REPRODUCTIVE HEALTH IN TRANS AND GENDER DIVERSE PATIENTS: Effects of feminizing gender-affirming hormone therapy on testicular function and reproductive capacity: review of data from clinical and experimental studies.

Feminizing gender-affirming hormone therapy (E-GAHT) is expected to negatively impact reproductive ability in transgender, non-binary, and gender-diverse individuals with testes by disrupting biological pathways involved in spermatogenesis.

• E-GAHT may include combined estrogen, progesterone and/or antiandrogens collectively aimed at achieving individualized embodiment goals.
• The primary mechanism of reproductive impact is disruption of the biological pathways involved in spermatogenesis.
• Current clinical approaches to reduced fertility include fertility preservation and treatment cessation.

Some clinical studies indicated that sperm quality may be reduced in E-GAHT patients before initiating E-GAHT.

• Baseline sperm quality reduction prior to treatment initiation is a finding that cannot be studied using GAHT-treated animal models.
• This pre-treatment reduction in sperm quality represents a gap between clinical populations and translational animal research.
• This finding highlights that reproductive impairment in TNG individuals may not be solely attributable to hormone therapy itself.

Large variability exists in clinical populations using E-GAHT that has not been fully replicated in translational animal research.

• A literature search was performed to identify both clinical and experimental studies using rodent models applicable to the reproductive needs of E-GAHT users.
• The variability in clinical populations includes differences in hormone regimens, dosages, duration of treatment, and patient characteristics.
• Animal GAHT models have yet to be capitalized to examine fertility preservation strategies.

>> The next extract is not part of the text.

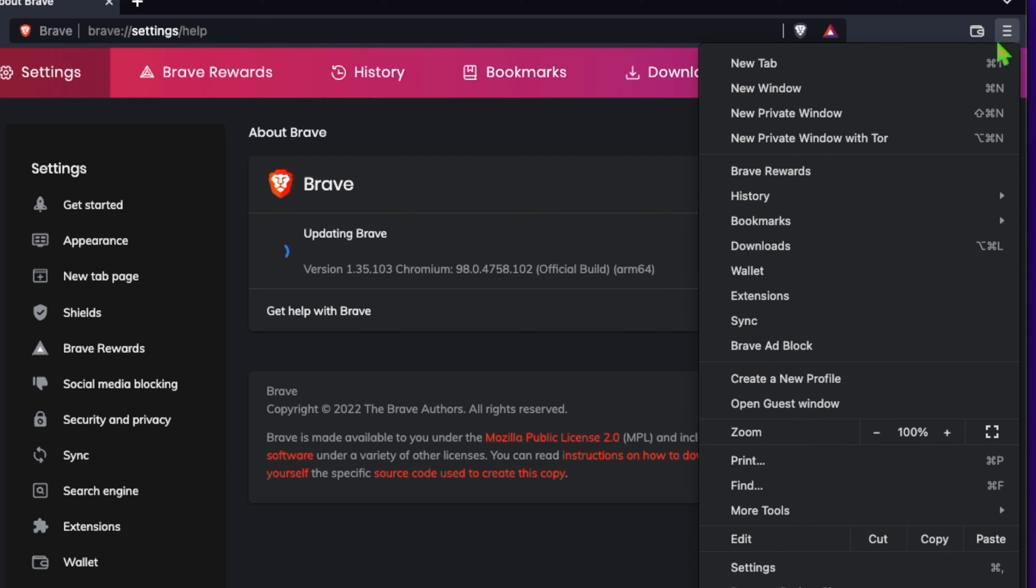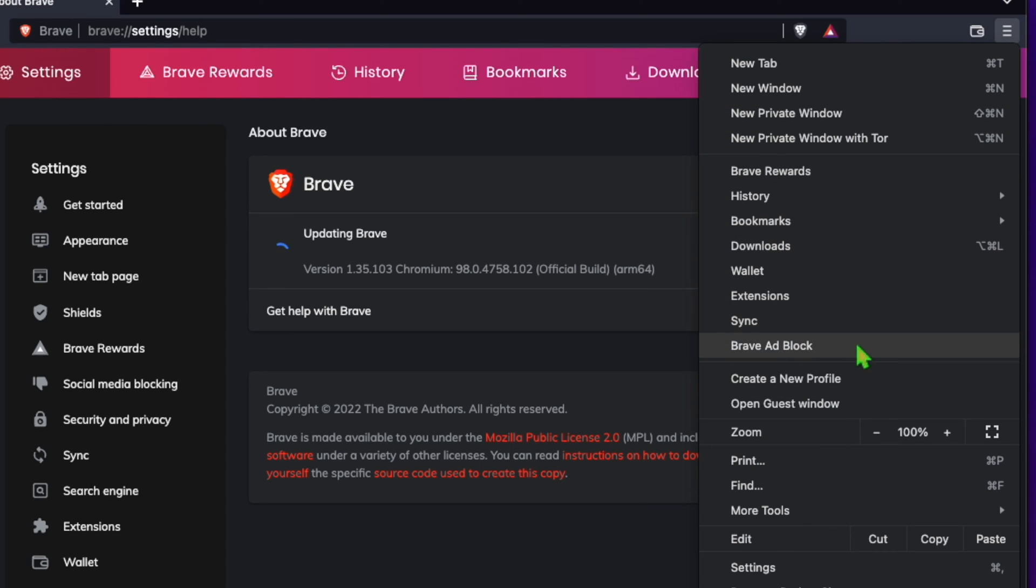Next, at the top right-hand side of the browser, there are three lines, click on them.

There is little research on the impact of E-GAHT on testicular function or on the potential recovery of spermatogenesis after stopping GAHT.

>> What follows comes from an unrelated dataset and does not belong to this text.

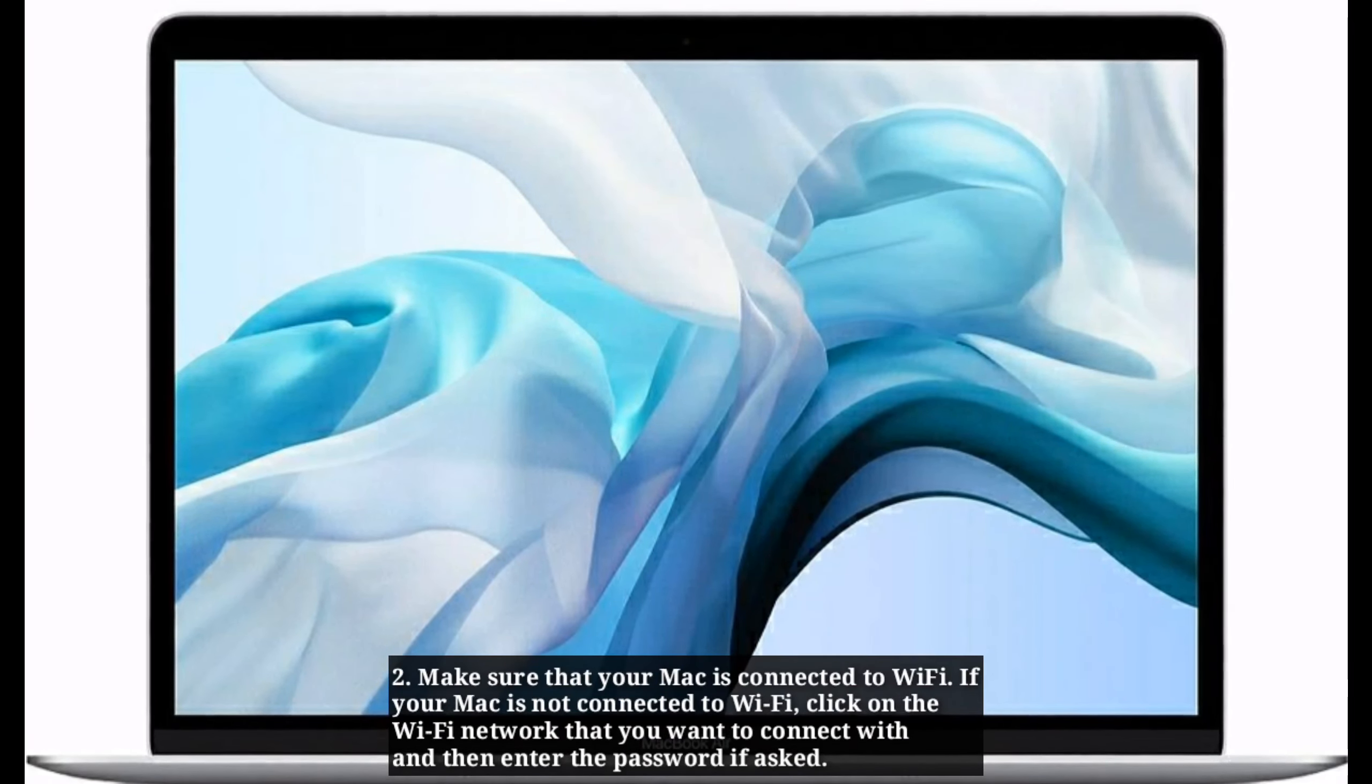Solution 3. Try following command using terminal. Click utilities in the menu bar. Select terminal under utilities menu. Type the following command. Then press the enter key. Now you can install macOS without any problem.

• The review identified a gap in knowledge regarding both the severity and duration of testicular function impairment from E-GAHT.
• Recovery of spermatogenesis following treatment cessation is not well characterized in either clinical or experimental literature.
• Experimental research with animal models is described as a novel promising method to help identify the reproductive pathways affected by GAHT and the degree of those effects.

Animal models receiving GAHT represent a novel and promising method to identify reproductive pathways affected by E-GAHT and the degree of those effects.

• Rodent models were specifically identified through the literature search as applicable to the reproductive needs of E-GAHT users.
• Experimental research with animal models may identify mechanisms involved in testicular function impairment, their severity, and duration.
• Animal models could potentially help inform patients about reproductive health decisions, but this potential has not yet been fully utilized for fertility preservation research.

Increasing knowledge to inform and improve fertility preservation outcomes and reproductive health for E-GAHT patients is identified as an important clinical and research priority.

• Many TNG people of reproductive age may have the wish to create a future family.
• Current fertility preservation approaches include both preservation strategies and treatment cessation.
• The paper calls for improved translational research to bridge gaps between animal models and the clinical variability observed in TNG populations.